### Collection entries
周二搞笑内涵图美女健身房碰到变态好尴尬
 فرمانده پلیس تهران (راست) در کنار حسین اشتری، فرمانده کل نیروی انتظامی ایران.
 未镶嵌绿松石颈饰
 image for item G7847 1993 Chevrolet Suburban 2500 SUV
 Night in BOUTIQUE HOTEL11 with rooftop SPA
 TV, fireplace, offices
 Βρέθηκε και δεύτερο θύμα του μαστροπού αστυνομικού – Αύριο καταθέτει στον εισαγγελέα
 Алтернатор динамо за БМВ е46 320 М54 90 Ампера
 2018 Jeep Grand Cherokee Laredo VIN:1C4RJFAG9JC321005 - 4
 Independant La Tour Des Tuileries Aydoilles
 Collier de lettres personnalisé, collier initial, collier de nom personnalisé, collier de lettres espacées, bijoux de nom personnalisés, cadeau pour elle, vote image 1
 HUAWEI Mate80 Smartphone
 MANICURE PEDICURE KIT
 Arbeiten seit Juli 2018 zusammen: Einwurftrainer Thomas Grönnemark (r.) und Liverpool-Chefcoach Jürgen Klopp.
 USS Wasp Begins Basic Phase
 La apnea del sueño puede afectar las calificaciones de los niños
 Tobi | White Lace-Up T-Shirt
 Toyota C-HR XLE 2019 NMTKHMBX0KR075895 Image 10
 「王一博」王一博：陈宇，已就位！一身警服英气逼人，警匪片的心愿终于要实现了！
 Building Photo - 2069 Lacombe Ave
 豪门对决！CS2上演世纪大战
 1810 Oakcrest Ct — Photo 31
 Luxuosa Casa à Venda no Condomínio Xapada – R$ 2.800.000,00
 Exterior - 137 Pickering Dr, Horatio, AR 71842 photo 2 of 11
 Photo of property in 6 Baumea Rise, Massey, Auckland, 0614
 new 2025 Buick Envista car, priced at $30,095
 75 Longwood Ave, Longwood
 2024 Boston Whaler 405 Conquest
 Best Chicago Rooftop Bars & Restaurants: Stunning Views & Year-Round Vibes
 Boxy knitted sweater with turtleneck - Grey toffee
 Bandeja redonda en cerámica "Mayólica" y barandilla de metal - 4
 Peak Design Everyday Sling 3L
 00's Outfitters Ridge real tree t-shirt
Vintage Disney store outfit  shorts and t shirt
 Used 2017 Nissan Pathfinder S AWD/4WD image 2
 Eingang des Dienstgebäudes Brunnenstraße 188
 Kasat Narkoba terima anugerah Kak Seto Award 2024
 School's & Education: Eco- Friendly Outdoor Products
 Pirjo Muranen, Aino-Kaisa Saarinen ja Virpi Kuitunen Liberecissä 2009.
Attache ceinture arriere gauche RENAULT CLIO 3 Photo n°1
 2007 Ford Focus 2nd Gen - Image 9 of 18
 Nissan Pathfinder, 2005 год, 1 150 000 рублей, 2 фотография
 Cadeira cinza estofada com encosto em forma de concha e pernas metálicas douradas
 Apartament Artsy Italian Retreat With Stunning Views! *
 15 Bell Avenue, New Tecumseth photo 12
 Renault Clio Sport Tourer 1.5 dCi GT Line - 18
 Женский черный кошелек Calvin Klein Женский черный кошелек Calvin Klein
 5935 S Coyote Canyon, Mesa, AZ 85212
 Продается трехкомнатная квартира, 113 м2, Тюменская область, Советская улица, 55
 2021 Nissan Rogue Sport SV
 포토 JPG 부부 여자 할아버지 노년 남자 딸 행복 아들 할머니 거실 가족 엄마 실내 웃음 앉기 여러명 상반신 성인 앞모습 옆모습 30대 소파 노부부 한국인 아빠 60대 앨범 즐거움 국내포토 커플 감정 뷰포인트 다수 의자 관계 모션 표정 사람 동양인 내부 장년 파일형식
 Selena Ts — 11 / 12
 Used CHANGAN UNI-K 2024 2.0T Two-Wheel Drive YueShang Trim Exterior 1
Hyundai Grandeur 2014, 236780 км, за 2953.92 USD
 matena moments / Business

### Activity
Only one stretch of the data above is needed. Restate it word for word, from the line containing "2024 Boston Whaler 405 Conquest" through the line containing "Eingang des Dienstgebäudes Brunnenstraße 188", both ends included.

### Result of this exercise
 2024 Boston Whaler 405 Conquest
 Best Chicago Rooftop Bars & Restaurants: Stunning Views & Year-Round Vibes
 Boxy knitted sweater with turtleneck - Grey toffee
 Bandeja redonda en cerámica "Mayólica" y barandilla de metal - 4
 Peak Design Everyday Sling 3L
 00's Outfitters Ridge real tree t-shirt
Vintage Disney store outfit  shorts and t shirt
 Used 2017 Nissan Pathfinder S AWD/4WD image 2
 Eingang des Dienstgebäudes Brunnenstraße 188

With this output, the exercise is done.